WORK REQUEST
Report all lines below with the word "Cube".

GIVEN RECORDS
* * * *
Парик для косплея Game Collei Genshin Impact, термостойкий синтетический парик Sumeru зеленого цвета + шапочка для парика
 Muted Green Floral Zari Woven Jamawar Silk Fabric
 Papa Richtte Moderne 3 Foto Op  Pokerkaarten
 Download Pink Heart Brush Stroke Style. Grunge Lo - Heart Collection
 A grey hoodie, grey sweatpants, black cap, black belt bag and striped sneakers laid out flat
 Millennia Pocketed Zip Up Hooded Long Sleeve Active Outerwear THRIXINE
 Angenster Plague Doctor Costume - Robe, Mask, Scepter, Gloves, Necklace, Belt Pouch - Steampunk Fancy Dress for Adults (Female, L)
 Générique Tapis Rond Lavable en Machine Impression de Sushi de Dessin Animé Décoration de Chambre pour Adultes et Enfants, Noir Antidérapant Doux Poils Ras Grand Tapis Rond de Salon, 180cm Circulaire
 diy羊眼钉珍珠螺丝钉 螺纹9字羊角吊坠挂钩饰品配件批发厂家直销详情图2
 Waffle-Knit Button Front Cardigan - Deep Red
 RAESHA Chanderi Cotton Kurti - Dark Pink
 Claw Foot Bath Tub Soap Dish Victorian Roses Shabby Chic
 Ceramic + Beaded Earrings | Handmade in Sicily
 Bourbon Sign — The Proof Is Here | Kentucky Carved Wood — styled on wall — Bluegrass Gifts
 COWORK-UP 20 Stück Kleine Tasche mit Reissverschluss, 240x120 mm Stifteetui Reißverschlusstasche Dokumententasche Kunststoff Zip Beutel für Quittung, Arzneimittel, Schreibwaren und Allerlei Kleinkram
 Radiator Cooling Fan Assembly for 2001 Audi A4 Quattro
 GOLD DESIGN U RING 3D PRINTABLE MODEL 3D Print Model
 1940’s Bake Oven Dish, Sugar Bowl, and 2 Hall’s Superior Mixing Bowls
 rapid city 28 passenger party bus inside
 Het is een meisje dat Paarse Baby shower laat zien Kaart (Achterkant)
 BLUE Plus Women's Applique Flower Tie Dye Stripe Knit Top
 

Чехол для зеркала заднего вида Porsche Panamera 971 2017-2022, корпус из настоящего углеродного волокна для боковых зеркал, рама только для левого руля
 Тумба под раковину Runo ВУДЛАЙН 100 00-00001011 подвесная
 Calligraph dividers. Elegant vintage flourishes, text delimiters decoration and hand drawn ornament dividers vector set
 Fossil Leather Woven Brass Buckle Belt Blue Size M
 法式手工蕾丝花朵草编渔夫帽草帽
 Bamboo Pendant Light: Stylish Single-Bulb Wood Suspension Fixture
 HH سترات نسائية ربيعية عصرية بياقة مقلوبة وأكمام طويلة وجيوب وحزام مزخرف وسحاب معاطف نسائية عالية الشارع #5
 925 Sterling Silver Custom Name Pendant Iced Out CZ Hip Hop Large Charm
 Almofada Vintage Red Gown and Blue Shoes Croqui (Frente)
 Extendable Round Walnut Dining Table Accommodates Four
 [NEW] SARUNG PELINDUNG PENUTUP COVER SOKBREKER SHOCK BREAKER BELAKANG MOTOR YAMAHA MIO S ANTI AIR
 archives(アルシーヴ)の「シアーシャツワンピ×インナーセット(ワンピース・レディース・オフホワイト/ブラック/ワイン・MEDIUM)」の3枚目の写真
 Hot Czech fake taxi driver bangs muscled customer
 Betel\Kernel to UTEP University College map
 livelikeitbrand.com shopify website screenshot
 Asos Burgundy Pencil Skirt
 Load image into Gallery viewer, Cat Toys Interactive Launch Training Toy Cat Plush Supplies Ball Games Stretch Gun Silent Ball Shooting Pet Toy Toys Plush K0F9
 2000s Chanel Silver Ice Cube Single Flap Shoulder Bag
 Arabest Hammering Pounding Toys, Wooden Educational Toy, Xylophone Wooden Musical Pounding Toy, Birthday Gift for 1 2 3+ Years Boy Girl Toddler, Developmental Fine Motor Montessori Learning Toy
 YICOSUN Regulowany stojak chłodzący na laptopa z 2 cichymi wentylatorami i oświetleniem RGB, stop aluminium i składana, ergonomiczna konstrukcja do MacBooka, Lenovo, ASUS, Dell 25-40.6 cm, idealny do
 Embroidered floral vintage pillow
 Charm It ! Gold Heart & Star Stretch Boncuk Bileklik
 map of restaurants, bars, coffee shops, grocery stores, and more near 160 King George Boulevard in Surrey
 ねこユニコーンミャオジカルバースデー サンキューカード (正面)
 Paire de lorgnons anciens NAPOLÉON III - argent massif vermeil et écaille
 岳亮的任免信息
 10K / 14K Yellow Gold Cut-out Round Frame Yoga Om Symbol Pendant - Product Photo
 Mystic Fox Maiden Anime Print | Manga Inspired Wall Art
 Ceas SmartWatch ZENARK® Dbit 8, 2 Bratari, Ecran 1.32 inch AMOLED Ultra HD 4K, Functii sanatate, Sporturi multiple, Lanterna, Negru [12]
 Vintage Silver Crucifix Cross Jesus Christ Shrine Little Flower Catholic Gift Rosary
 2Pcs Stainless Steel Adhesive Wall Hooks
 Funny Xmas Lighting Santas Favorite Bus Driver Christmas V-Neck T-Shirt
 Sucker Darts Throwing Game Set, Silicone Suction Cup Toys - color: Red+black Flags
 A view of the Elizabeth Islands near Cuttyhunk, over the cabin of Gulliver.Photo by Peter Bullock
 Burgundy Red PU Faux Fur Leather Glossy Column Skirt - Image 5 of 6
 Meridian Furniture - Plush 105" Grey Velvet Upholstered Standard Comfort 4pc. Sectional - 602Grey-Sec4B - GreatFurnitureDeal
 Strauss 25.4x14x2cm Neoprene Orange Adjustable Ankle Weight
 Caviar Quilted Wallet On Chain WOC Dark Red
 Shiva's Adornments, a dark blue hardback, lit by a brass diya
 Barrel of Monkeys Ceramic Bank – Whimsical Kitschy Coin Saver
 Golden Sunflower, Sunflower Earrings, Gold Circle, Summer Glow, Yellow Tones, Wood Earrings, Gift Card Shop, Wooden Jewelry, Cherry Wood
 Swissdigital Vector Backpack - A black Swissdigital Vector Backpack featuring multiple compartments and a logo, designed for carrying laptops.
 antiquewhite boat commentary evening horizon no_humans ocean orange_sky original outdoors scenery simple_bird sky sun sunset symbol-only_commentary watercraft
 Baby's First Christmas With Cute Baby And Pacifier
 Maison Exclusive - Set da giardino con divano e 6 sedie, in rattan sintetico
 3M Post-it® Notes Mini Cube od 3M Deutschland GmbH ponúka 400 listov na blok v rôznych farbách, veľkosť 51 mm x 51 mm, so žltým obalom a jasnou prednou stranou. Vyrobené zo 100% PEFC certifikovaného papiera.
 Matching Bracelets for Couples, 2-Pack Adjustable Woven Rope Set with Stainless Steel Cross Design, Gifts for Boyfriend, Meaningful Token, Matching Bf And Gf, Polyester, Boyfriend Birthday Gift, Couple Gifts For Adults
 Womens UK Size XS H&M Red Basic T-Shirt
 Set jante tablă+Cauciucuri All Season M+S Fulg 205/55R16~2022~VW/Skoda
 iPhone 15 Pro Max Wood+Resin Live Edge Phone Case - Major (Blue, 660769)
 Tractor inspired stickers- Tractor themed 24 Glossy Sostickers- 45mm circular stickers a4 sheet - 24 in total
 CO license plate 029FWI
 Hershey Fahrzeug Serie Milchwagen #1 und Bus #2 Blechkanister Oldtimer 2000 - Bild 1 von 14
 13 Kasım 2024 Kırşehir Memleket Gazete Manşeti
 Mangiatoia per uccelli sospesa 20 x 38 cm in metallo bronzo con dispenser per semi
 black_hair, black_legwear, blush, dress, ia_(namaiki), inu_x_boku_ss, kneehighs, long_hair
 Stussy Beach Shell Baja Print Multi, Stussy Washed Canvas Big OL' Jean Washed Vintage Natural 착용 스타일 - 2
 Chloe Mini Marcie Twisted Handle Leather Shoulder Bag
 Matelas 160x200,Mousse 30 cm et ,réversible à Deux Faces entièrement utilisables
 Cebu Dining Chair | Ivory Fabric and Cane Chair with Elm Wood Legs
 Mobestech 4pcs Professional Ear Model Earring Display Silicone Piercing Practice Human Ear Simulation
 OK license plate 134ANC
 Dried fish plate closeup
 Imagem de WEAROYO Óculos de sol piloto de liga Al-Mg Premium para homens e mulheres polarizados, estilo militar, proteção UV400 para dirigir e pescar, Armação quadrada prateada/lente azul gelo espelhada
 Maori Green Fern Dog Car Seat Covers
* * * *
RESPONSE AREA
 2000s Chanel Silver Ice Cube Single Flap Shoulder Bag
 3M Post-it® Notes Mini Cube od 3M Deutschland GmbH ponúka 400 listov na blok v rôznych farbách, veľkosť 51 mm x 51 mm, so žltým obalom a jasnou prednou stranou. Vyrobené zo 100% PEFC certifikovaného papiera.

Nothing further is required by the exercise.